- _Exercise directions_
The data is to be reproduced in full and without error.

[Information supplied — start]

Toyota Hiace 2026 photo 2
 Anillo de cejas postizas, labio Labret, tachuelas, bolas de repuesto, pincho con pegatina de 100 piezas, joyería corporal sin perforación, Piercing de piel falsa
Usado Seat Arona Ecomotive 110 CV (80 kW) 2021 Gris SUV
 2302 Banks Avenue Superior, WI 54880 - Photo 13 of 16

[Information supplied — finish]

- _Exercise answer_
Toyota Hiace 2026 photo 2
 Anillo de cejas postizas, labio Labret, tachuelas, bolas de repuesto, pincho con pegatina de 100 piezas, joyería corporal sin perforación, Piercing de piel falsa
Usado Seat Arona Ecomotive 110 CV (80 kW) 2021 Gris SUV
 2302 Banks Avenue Superior, WI 54880 - Photo 13 of 16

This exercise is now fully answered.